Toulouse the ‘repairer’

English porcelain led the sale courtesy of a £13,000 bid (estimate £8000-12,000) for a pair of Worcester hexagonal form vases and covers decorated with applied floral garlands, female mask handles, lattice work and vibrant enamelling. The 15in (39cm) pair, sold at Phillips in the late 1980s, had a provenance to the Perth (Western Australia) collector Harold Schenberg.

The ‘T’ stamp on the footrim is the mark of John Toulouse, an elusive figure working as a ‘repairer’ for Dr Wall’s Worcester factory c.1770-72 who is likely to have been the modeller who supervised the assembly of these vases.

With remarkably little damage, they were in much better condition than the pair from the Zorensky collection sold at Bonhams twice: in February 2005 for £13,000 and again in November 2016 for £6500. The single example in the V&A had been purchased by Lady Charlotte Schreiber from London dealer Wareham for £60 in November 1872, when it was thought to be Bow porcelain.

Closely related ‘frill vases’ were indeed made by Toulouse at Bow and later at Bristol. A single hard paste vase from William Cookworthy’s Bristol concern c.1772 decorated with formal flower, insects and birds in flight, sold at £4000 (estimate £2000-3000).

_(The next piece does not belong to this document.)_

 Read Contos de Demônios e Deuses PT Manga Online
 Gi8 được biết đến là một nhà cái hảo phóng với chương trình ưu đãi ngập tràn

Factfile: Leo Kaplan Ltd (1969-2018)

  • The son of Russian immigrants, Leo Kaplan (1917-2013) was born and raised in a modest home in the Bronx.
  • He worked in the lumber business but weekends spent ‘antiquing’ with his wife Ruth in the post-war era led to a first antiques fair (an outdoor flea market) in 1965 and, in 1969, the $400-a-month rent on a shop on Madison Avenue.
  • Leo Kaplan Ltd later enjoyed regular success at the International Ceramics Fair in London (exhibiting from 1989 until 2001) and at New York Ceramics Fair since its inception in 2000.
  • The firm, latterly run by their children Alan Kaplan and Susie Jacobson, opened six days a week in East 57th Street (its sixth premises in downtown Manhattan) until earlier this year. The decision to close was bittersweet. Jacobson wrote: “The landlord has made the decision a bit easier as the cost of doing business in New York City has become prohibitive.” Alan plans to continue as a private dealer.